(Image-text web data)
=== Section Start ===

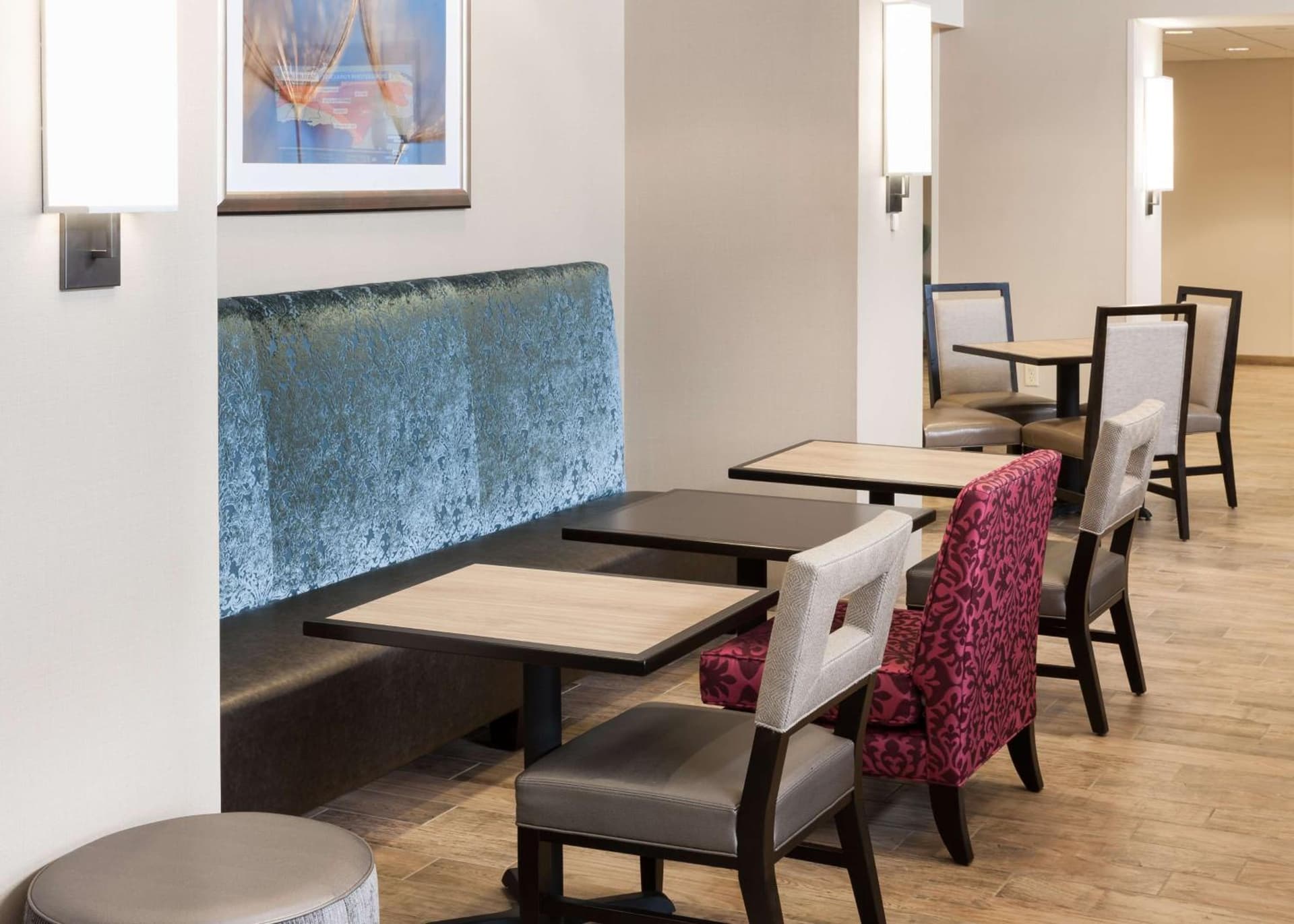 Hampton Inn & Suites Davenport gallery photo in Davenport, IA — image 24
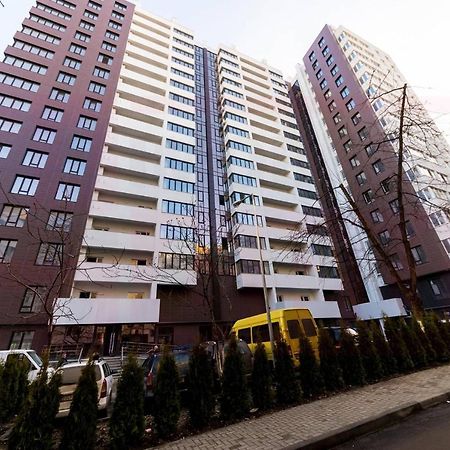 Sky House Central Apartment Кишинів Екстер'єр фото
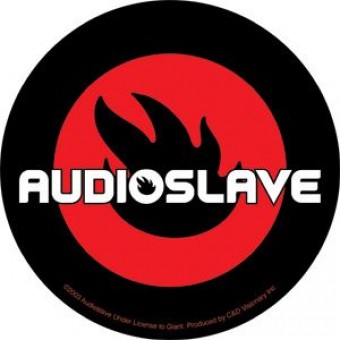Audioslave 2005 - Live in Toronto - Na escolha de 10 álbuns musicais, 10 filmes ou desenhos, o Pen-Drive será grátis...Aproveite!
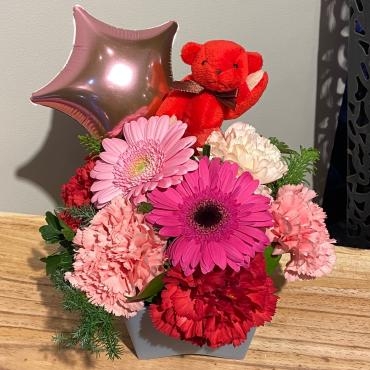 御誕生日のお祝いにBalloon+マスコット付きアレンジメント　ご注文頂き誠にありがとうございました。｜「銀座ニューフラワー」　（東京都中央区の花キューピット加盟店 花屋）のブログ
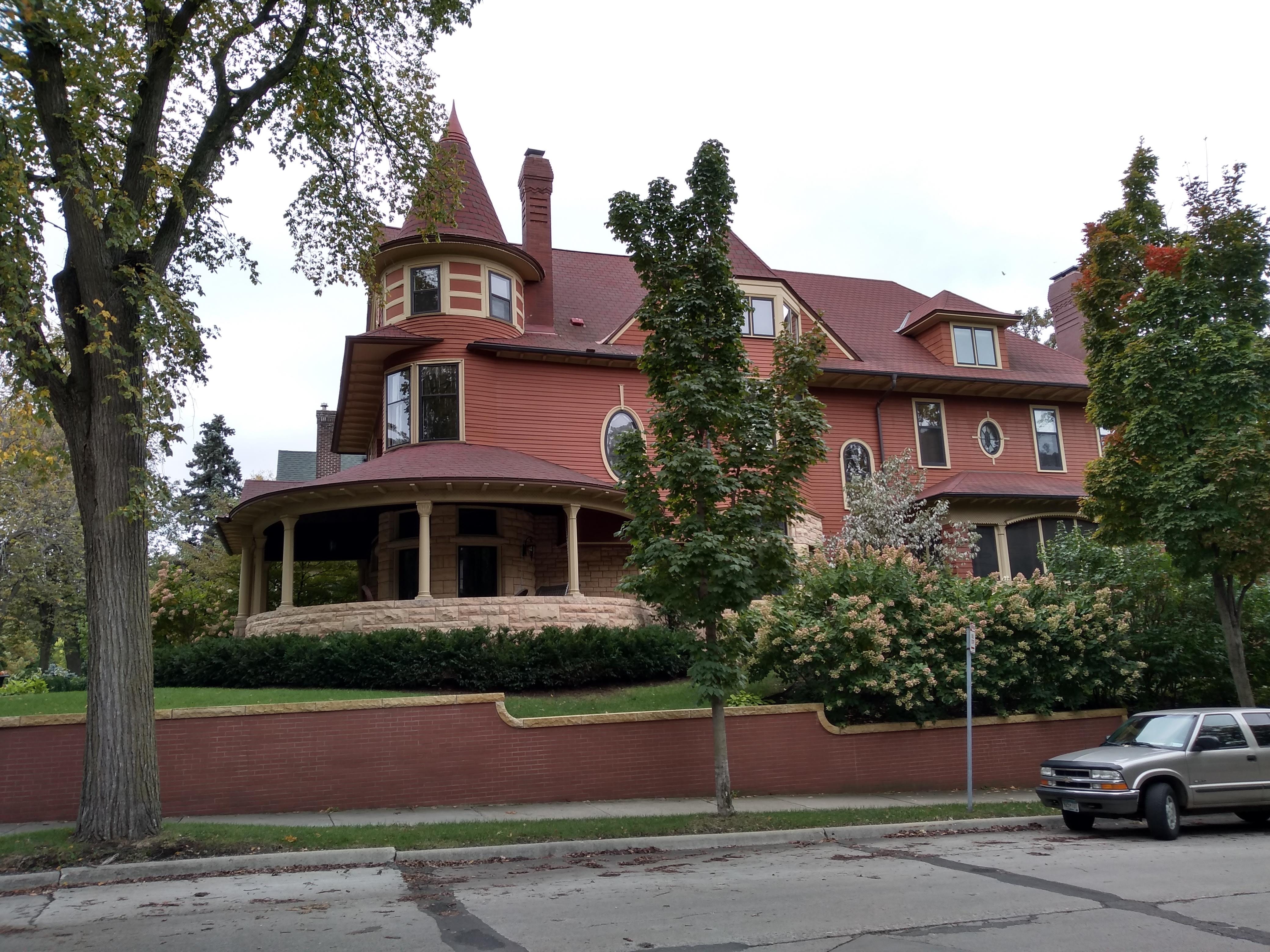 Kenwood. Minneapolis’s Kenwood neighborhood is… by Max Hailperin All of Minneapolis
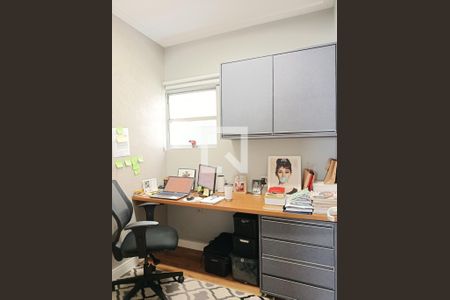 Escritório de apartamento à venda com 3 quartos, 125m² em Cerqueira César, São Paulo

=== Section End ===

Task details:
Please print the lines above word for word, starting at the one with "Sky House Central" and ending at the one with "Kenwood. Minneapolis’s Kenwood", both included, and without any picture.

Reply to the task:
 Sky House Central Apartment Кишинів Екстер'єр фото
Audioslave 2005 - Live in Toronto - Na escolha de 10 álbuns musicais, 10 filmes ou desenhos, o Pen-Drive será grátis...Aproveite!
 御誕生日のお祝いにBalloon+マスコット付きアレンジメント　ご注文頂き誠にありがとうございました。｜「銀座ニューフラワー」　（東京都中央区の花キューピット加盟店 花屋）のブログ
 Kenwood. Minneapolis’s Kenwood neighborhood is… by Max Hailperin All of Minneapolis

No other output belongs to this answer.